START Input for this task
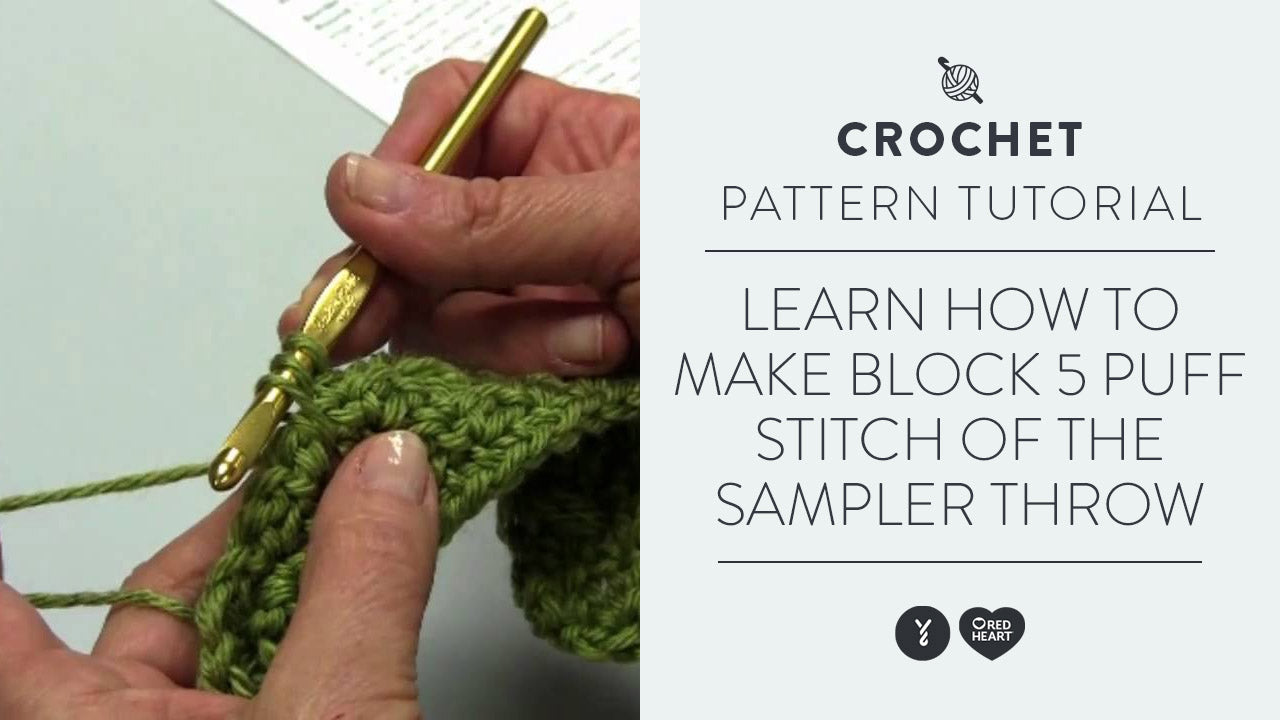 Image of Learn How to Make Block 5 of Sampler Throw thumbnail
END Input for this task
START Input for this task
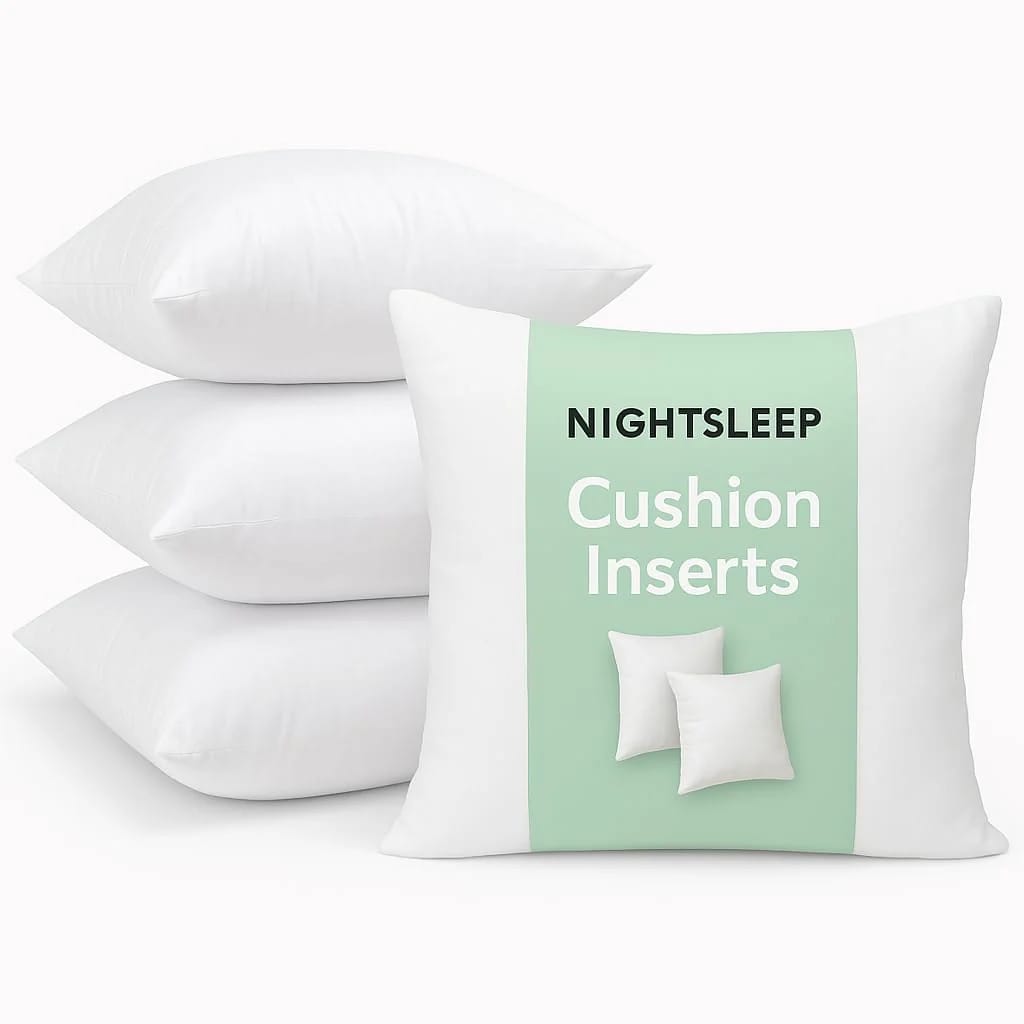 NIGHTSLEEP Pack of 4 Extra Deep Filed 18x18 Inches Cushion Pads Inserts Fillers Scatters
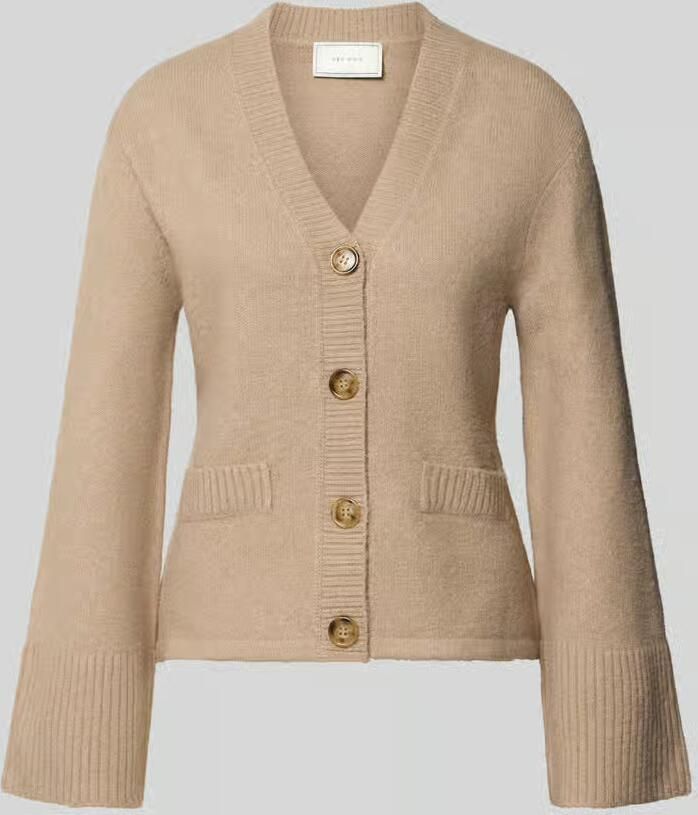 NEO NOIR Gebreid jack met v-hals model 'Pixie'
END Input for this task
START Input for this task
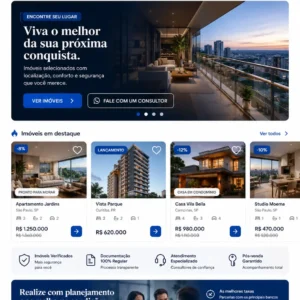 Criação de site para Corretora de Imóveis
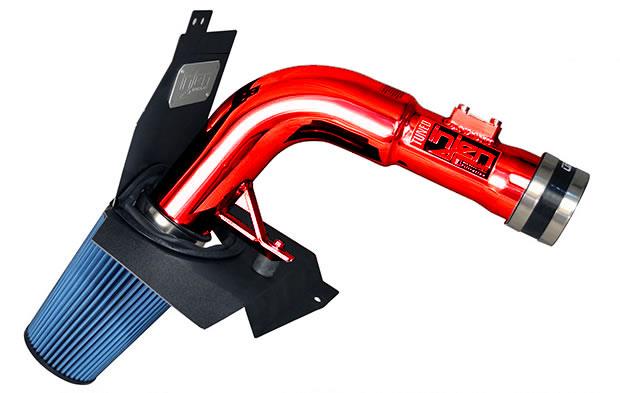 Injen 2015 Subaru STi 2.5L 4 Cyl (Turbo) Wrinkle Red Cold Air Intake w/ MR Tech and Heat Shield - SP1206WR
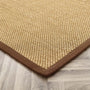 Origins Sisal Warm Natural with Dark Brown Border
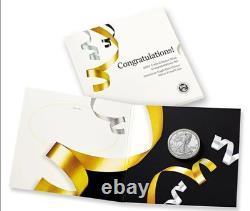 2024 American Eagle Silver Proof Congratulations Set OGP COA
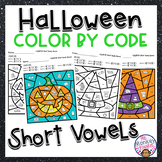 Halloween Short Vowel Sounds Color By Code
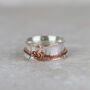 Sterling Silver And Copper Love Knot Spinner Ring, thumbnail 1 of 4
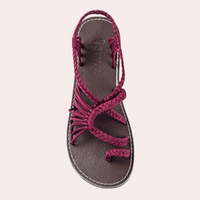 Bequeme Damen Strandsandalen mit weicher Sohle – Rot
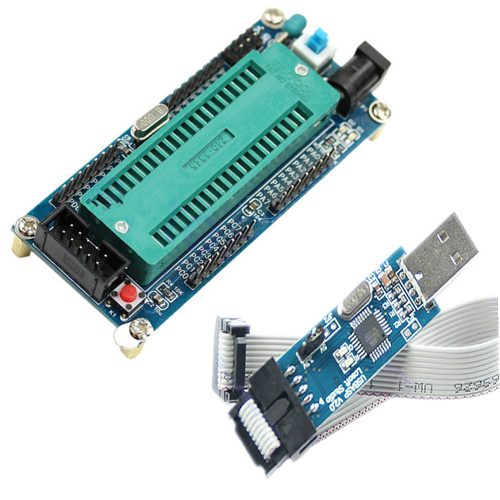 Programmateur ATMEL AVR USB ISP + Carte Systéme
END Input for this task
What to work on =
Reproduce the listing above exactly from the line containing "Criação de site para Corretora de Imóveis" up to and including the line containing "Programmateur ATMEL AVR", omitting any images and everything outside those lines.

Task solution =
 Criação de site para Corretora de Imóveis
 Injen 2015 Subaru STi 2.5L 4 Cyl (Turbo) Wrinkle Red Cold Air Intake w/ MR Tech and Heat Shield - SP1206WR
 Origins Sisal Warm Natural with Dark Brown Border
 2024 American Eagle Silver Proof Congratulations Set OGP COA
 Halloween Short Vowel Sounds Color By Code
 Sterling Silver And Copper Love Knot Spinner Ring, thumbnail 1 of 4
 Bequeme Damen Strandsandalen mit weicher Sohle – Rot
 Programmateur ATMEL AVR USB ISP + Carte Systéme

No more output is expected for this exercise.